Warner's behaviour might well be the subject of a code of conduct hearing but, given the incident happened on Sunday morning, it seems lax for no progress to have been made on the matter by Wednesday afternoon when it had been exposed, warts and all, across most sports websites in Britain.
Fortunately Bailey was as professional in front of the media as he was in getting to 55 under pressure with the bat.
He chuckled and said: "It's been busy [as captain in the absence of the injured Michael Clarke] and every day brings something unique, challenging or a bit of both... but I'm pretty keen for Pup [Clarke] to come back as a batsman and a leader. He's made good progress... it looks like we'll have him for our next match."

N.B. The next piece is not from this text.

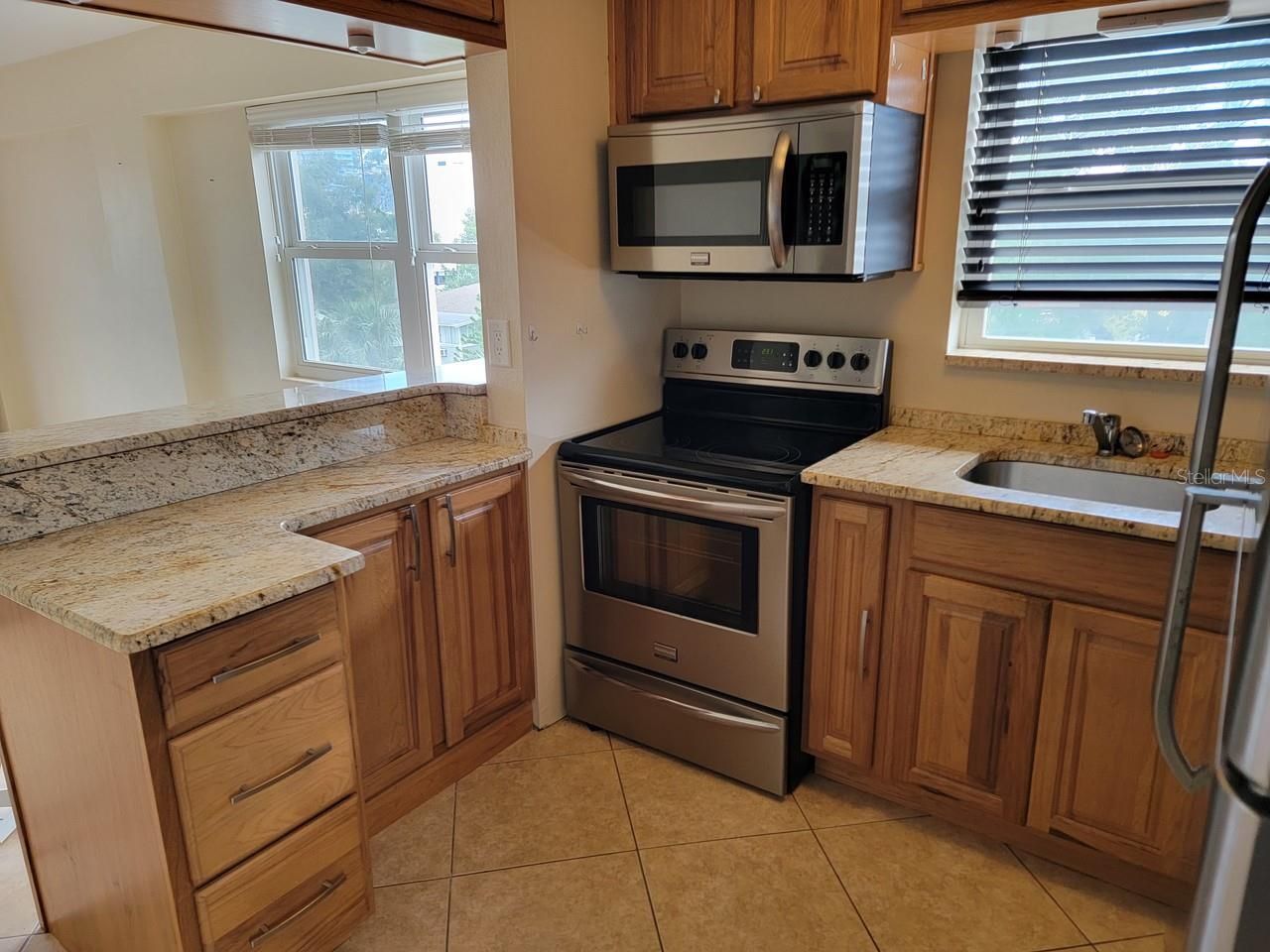 750 Burlington Avenue N, Unit 3H, Saint Petersburg, FL 33701 Photo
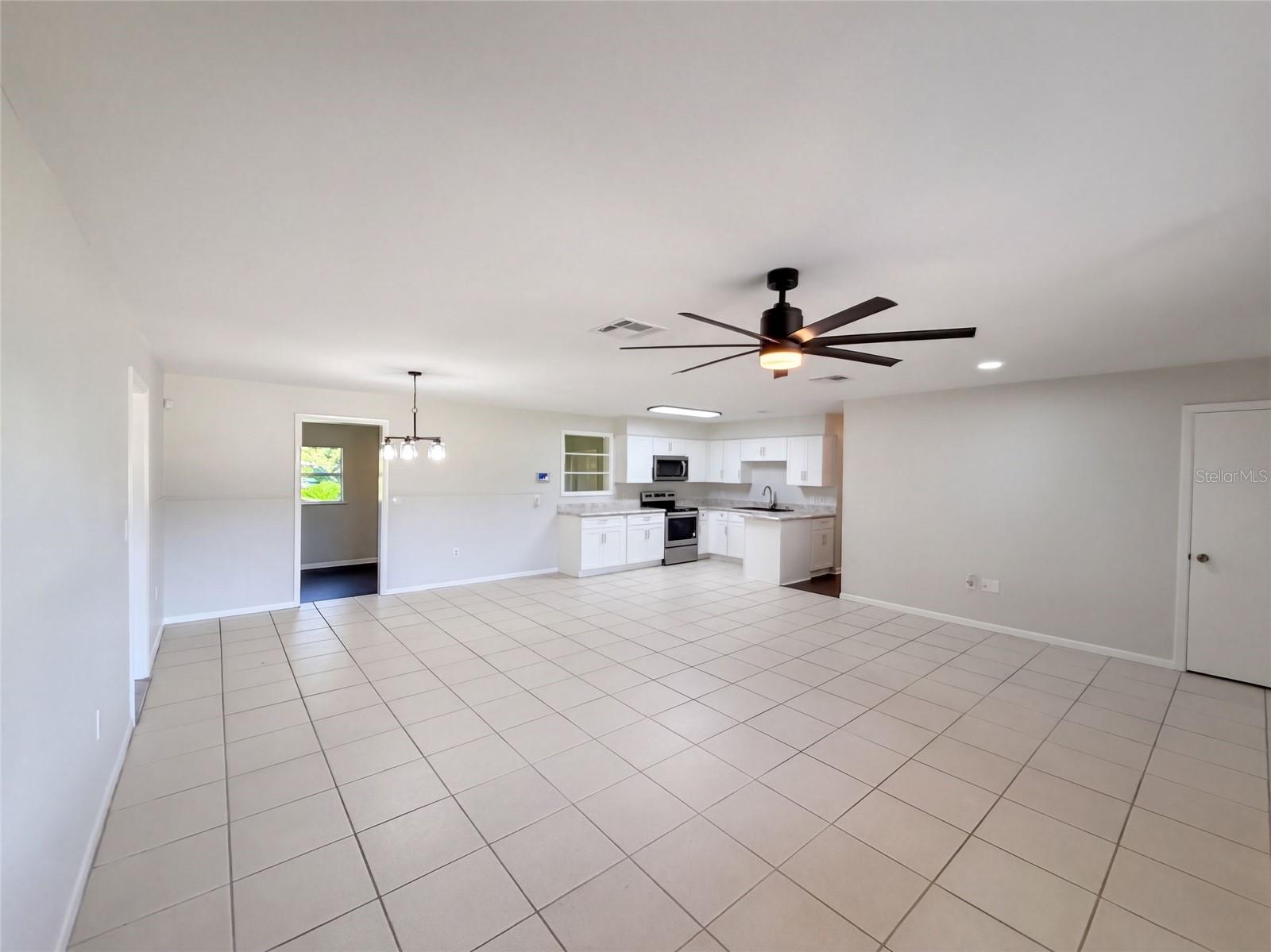 425 W DAUGHTERY ROAD, Lakeland, FL 33809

Bailey defended the team ethos admirably, but it's not hard to imagine shock in the Australian cricketing psyche on the back of Warner's anti-social behaviour, an ODI loss to England, a dismissal for 65 by India in a warm-up match, and all with a five-test Ashes series looming.
He also defended Warner.
"From a team perspective, he took it on the chin, no pun intended, and his attitude around the team today was outstanding.
"I really enjoy playing cricket with him, I love his energy and enthusiasm around the group and the way he plays; I wish I had the talent he does. He's a generous teammate, very giving."
But does he have a short fuse, especially in the wake of his well-documented Twitter scrap with a couple of Australian journalists last month?
"Not at all... The situation, believe it or not, was bigger than this. It was about winning this game to stay in the tournament and to play better cricket than we did against England.
"We were pretty happy with today. I thought we had just over a par score on a challenging wicket. We took a couple of early wickets and had good momentum when the rain came."
New Zealand captain Brendon McCullum was reluctant to be drawn into the Warner controversy.
"I started hearing a whisper last night and this morning but it's really got nothing to do with us. I don't want to speculate on something we don't know anything about.
"Australia were going to be a good team regardless of whether Dave Warner was opening the batting.
"We've had some issues in the past and it's never great but it depends on how good your team spirit and structure is to fight your way through it. Sometimes things like that can galvanise a unit as well."
McCullum was circumspect on their performance.
"We didn't execute as well as what we could have. It was an okay job with the ball and, with two good batsmen [Kane Williamson and Ross Taylor] at the crease, we'd started to form a partnership we were hopeful would give us a chance."